CVE-2020-12118

The vulnerability exists in the key generation (keygen) protocol implementation of Binance tss-lib, a threshold signature scheme library. Prior to version 1.2.0, the protocol allowed an attacker to generate crafted h1 and h2 parameters during the distributed key generation process [1][2]. This stems from insufficient validation of the discrete logarithm proof (DLNProof) that is supposed to guarantee both parties share the same group modulo N [3].

An attacker who participates in the keygen protocol can supply malicious h1 and h2 values that pass the existing proof checks but do not actually satisfy the required group relationship [1]. No special network position is required beyond being a participant in the keygen; the attacker may be any party in the multi-party computation [2]. The flaw can be triggered without authentication bypass—the attacker simply follows the protocol steps but with crafted parameters.

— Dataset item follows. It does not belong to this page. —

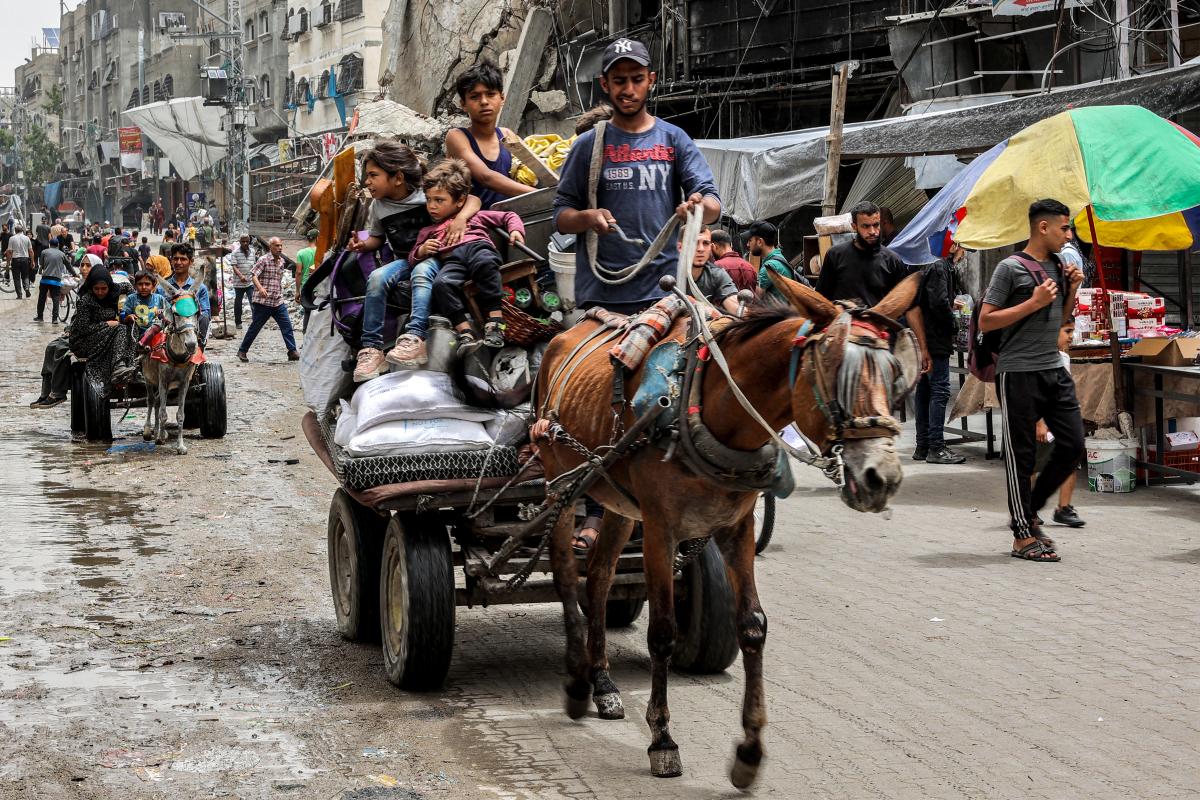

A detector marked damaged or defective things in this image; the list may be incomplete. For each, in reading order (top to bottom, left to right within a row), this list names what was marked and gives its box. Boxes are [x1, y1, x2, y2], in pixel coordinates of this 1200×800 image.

torn awning [121, 97, 226, 179]
torn awning [691, 60, 1200, 224]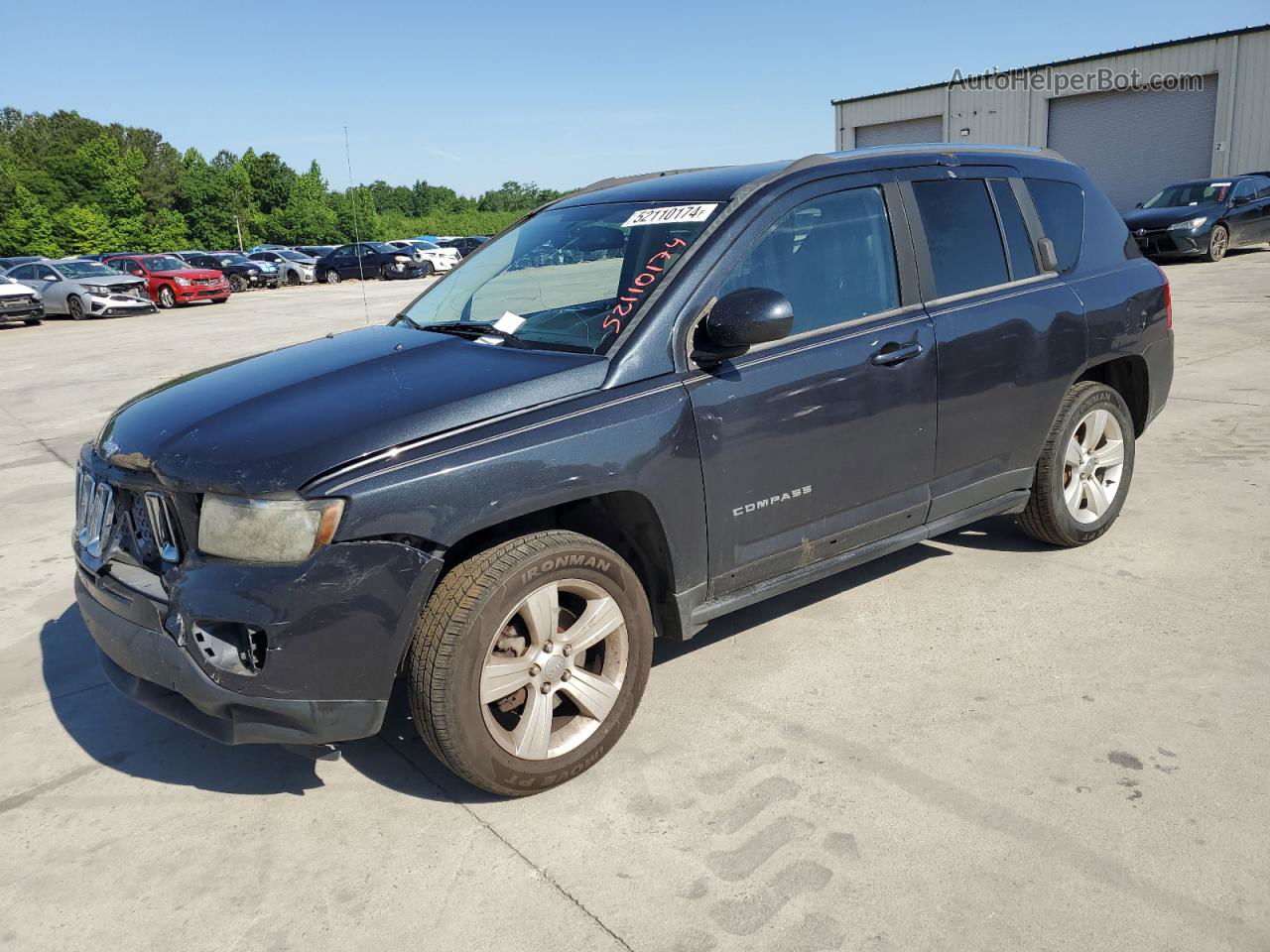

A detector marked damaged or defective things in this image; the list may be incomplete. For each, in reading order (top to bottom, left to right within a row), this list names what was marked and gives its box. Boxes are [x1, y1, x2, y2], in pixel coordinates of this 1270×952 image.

Successful exploitation allows the attacker to compromise the integrity of subsequent signing rounds, potentially leading to signature forgery or the extraction of sensitive information about other parties' secret shares [2]. This undermines the security guarantees of the threshold signature scheme, which is designed to prevent any single participant from learning others' secrets or producing valid signatures alone.

The issue was addressed in version 1.2.0 of tss-lib, released on GitHub, which includes a corrected DLNProof implementation [1][4]. Users are advised to update to v1.2.0 or later. No workaround is available; updating the library is the only recommended mitigation.